The Hippies Who Meant It
An unconventional introduction
You can find a glimpse of the world of The Hippies Who Meant if you go to Andrea’s Gypsy YaYa page about the Domes of the South Mountain here and carry on to the lengthy exchange of comments at the end of the photo essay, you will find more than just nostalgia for a decade gone. Andrea, whose blog is about decorating one’s personal space, is a next generation example of the best in hippiness: the desire to make something beautiful out of one’s family, home and life.
The Hippies Who Meant It is fiction, but it reflects much that really happened, and is still happening.

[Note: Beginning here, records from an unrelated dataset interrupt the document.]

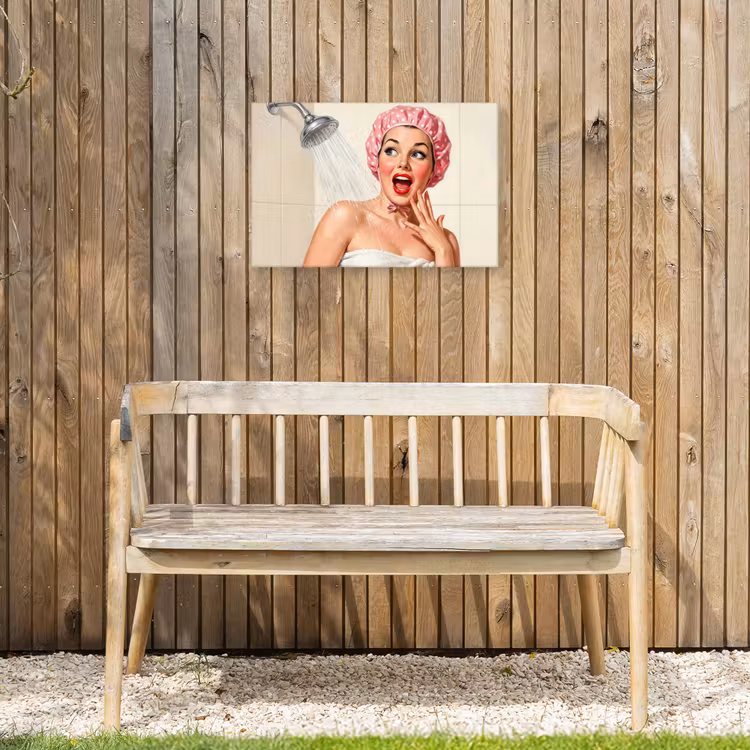 Buiten canvas - Vrouw - Douche - Roze — 3
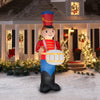 Holiday Time Toy Soldier Playing Drum Christmas Airblown Inflatable 9 FT Tall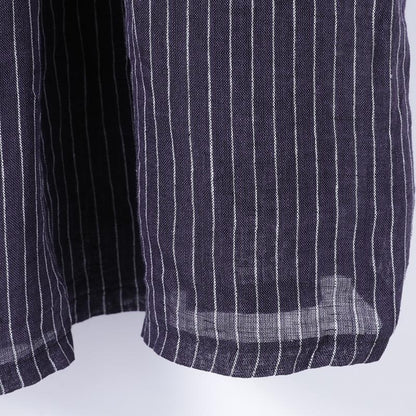 Women Spring Casual Striped Loose Long Sleeve Dress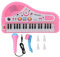 Piano Eléctrico para Niños 37 Teclado con Micrófono Juguete Piano Instrumento Musical Juguete Educativo para Niños Pequeños, Niños (Rosa)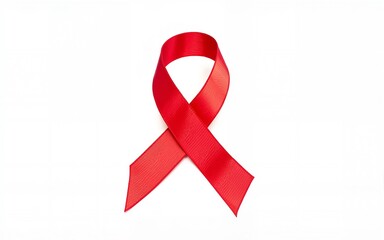 Hand drawn red ribbon, world aids day symbol, 1 december. High quality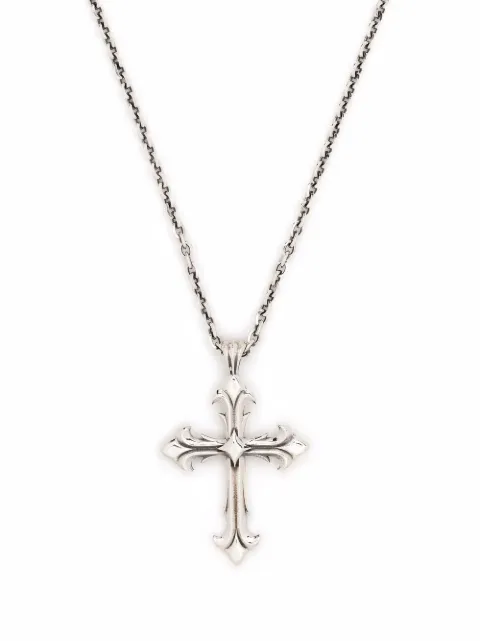 Emanuele Bicocchi Fleury Cross pendant necklace Silver CCN1NODIAMONDS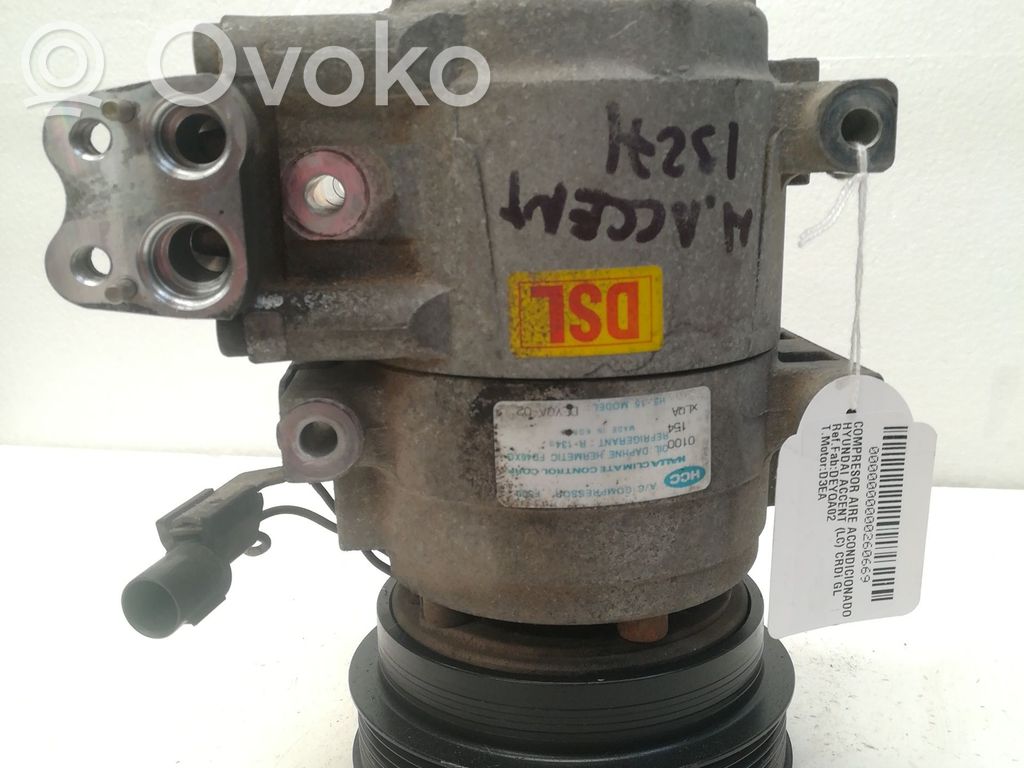 Hyundai Accent Klimakompressor Pumpe 
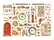 Stamperia - All Around Christmas Elements, Die Cuts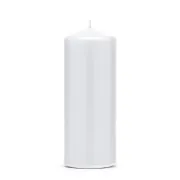 Candela cilindrica Bianco opaco  (cm 6 x 15)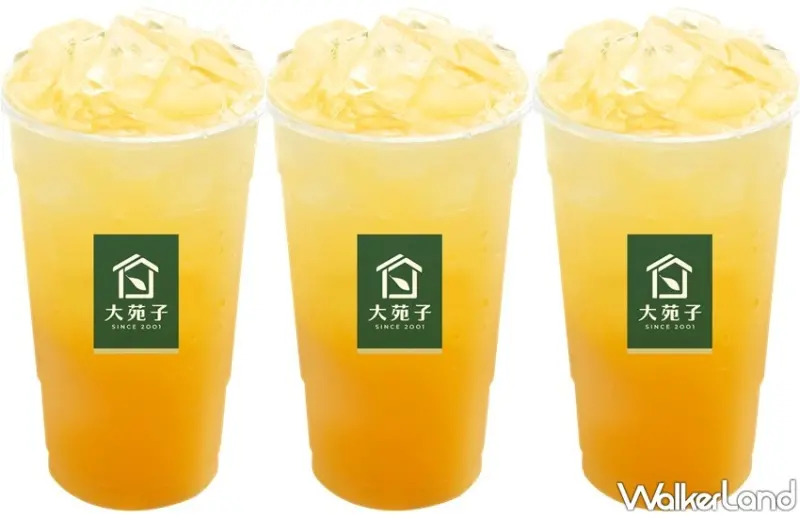 大苑子 台灣鮮搾柳橙綠 / WalkerLand窩客島整理提供 未經許可，不得轉載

A more conventional introduction
The following kind assessment is by Sylvia McCluskey, editor extraordinary, who plowed her way through the MS, reconciling it to standard literary practice with great skill, despite provocation never once descending to the level of commenting, “That’s the umpteenth time you’ve made that comma mistake, you dimwit!”
The Hippies Who Meant It is a novel that takes readers through the life experiences of a number of young people within the hippie culture of 1960s Nova Scotia, all of whom, after harrowing experiences in their own histories, come together and make a life for themselves. The story is viewed through the eyes of multiple parties as they seek escape, solace, self-discovery, personal growth, and new beginnings as a means of finding their place in life and ultimately making peace with their pasts, all against a backdrop of rampant social change, survival and family issues, injustice and prejudice, the emotional impacts of war, and the burden of self-expectations.
We watch the impressions and insights of the main characters as they evolve, heal, and navigate the joys and challenges of their experiences, which in many ways reflect the reality of all our lives—love, death, fear, friendship, betrayal, despair—making the story very relatable, and I believe it will resonate strongly with the targeted readers. The twists and turns of the main characters’ respective personal journeys are often unexpected and surprising; they weave an intriguing tapestry that keeps the reader turning the pages. One cannot but root for them as they make their way through their often bewildering emotional and physical struggles to ultimately triumph.